Christian belief will not be merely concerned, as one might at first suspect from all of the talk of belief or faith, with the everlasting, which because the “entirely Other” would remain completely outside the human world and time; quite the opposite, it’s way more concerned with God in history, with God as man. By thus seeming to bridge the gulf between everlasting and temporal, between visible and invisible, by making us meet God as a person, the everlasting because the temporal, as one in every of us, it understands itself as revelation.

Given Ratzinger’s interest in the way in which God pertains to the human person through individual moments in history, it is not any surprise that two of his favorite theological topics were the theological virtues (faith, hope and love) and eucharistic theology. The theological virtues are central to the human person’s development and friendship with God; and it is thru the reception of the sacraments, and particularly the Eucharist, that one grows on this friendship.

Two of Ratzinger’s favorite theological topics were the theological virtues (faith, hope and love) and eucharistic theology.

This friendship doesn’t involve the absorption of the person into God but fairly to the transformation of difference into the upper union of affection. The trail to this higher union involves conversion and purification and as such takes the form of the cross.
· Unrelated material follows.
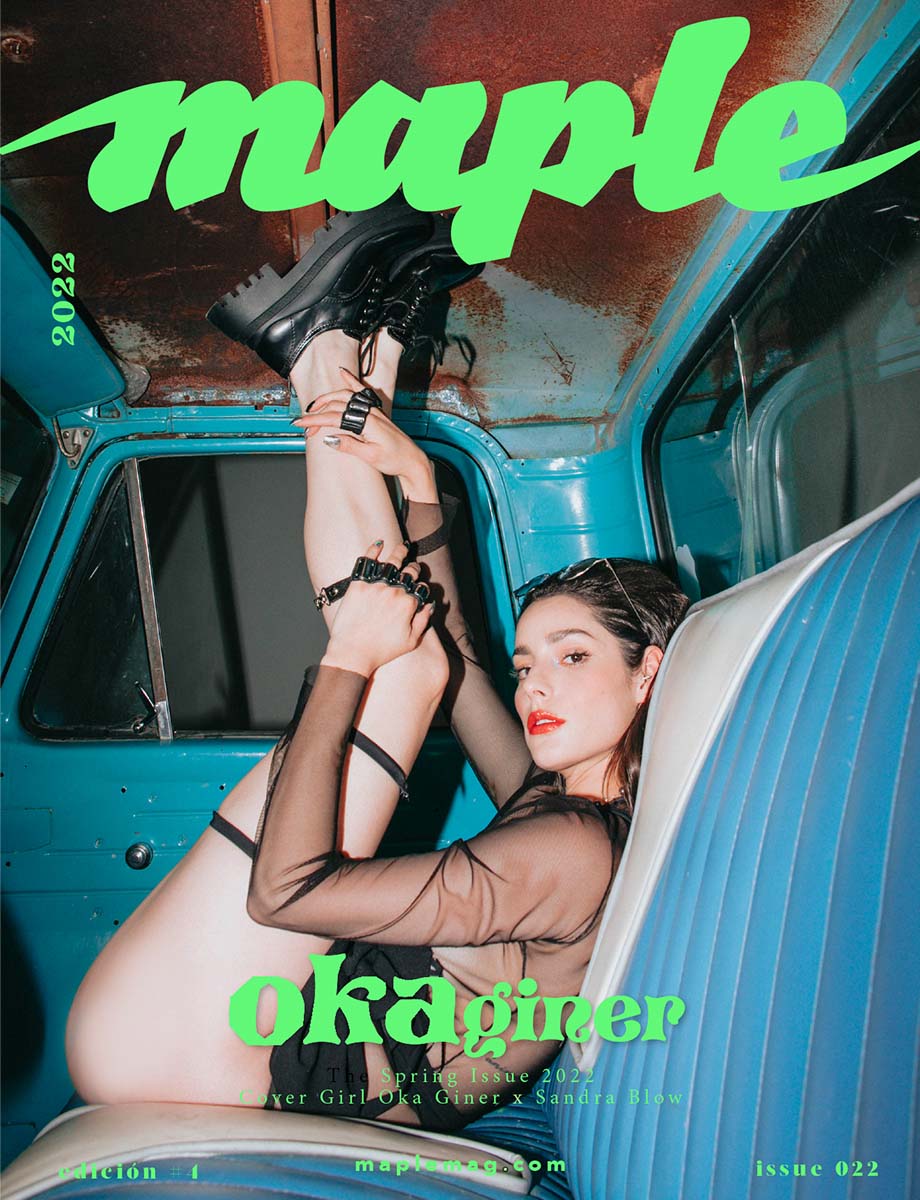 ISSUE 022 Edición 4 Oka Giner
Included in his evaluation of the theological virtues (which owes much to the work of Josef Pieper, the Thomist philosopher who fatefully introduced him to Cardinal Wojtyła), is an account of the way in which through which the virtues have undergone mutations inside modern and postmodern culture. People still consider things, hope for things and love things, but in ways which might be highly problematic. There may be more faith in science than in Christ, more hope for material prosperity than for everlasting life, and widespread confusion about tips on how to relate eros with agape. There may be also confusion about tips on how to relate faith to reason. Here it is critical that when Ratzinger spoke of “reason” he didn’t mean the identical thing as Immanuel Kant. His understanding of this relationship was Augustinian, not post-Kantian, and explains his aversion to some schools of preconciliar Thomism. Philosophy shouldn’t be the pure reason of Kant or René Descartes but should accept the contribution of divine revelation and thus partner with theology in looking for to investigate the fruits of revelation. This makes a major difference to Christian epistemology.
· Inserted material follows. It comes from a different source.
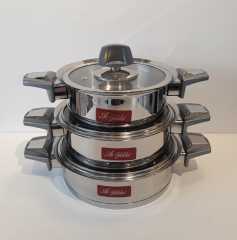 Aryıldız Flamingo Sahan Set 6 Parça Grey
Pope Benedict XVI at the end of a general weekly audience in the fall of 2006 (photo: Alessandra Benedetti/Corbis via Getty Images).

It is usually said that the US didn’t have a Nineteenth century. The Romantic philosophy so pervasive in continental (especially German) thought in that century didn’t make the Atlantic crossing. Perhaps that’s the reason it continues to be possible to search out American Catholics who find it obscure why anyone would say that probably the most serious theological crisis of the twentieth century was coming to an understanding of the mediation of history within the realm of ontology. For many who do get the purpose that Catholic scholarship has little or no credibility without this and that the brand new evangelization depends upon the church’s scholars getting this right, the theological works of Joseph Ratzinger will proceed to supply insights into fragments of the issue.

Joseph Ratzinger’s life was one long heroic mental performance, engaging his whole heart—a theo-drama with all of the pathos of a Bayreuth festival. In Ratzinger’s case, nonetheless, Bavarian Catholic piety triumphed over whatever it’s within the German spirit that is still nostalgic for pagan heroics.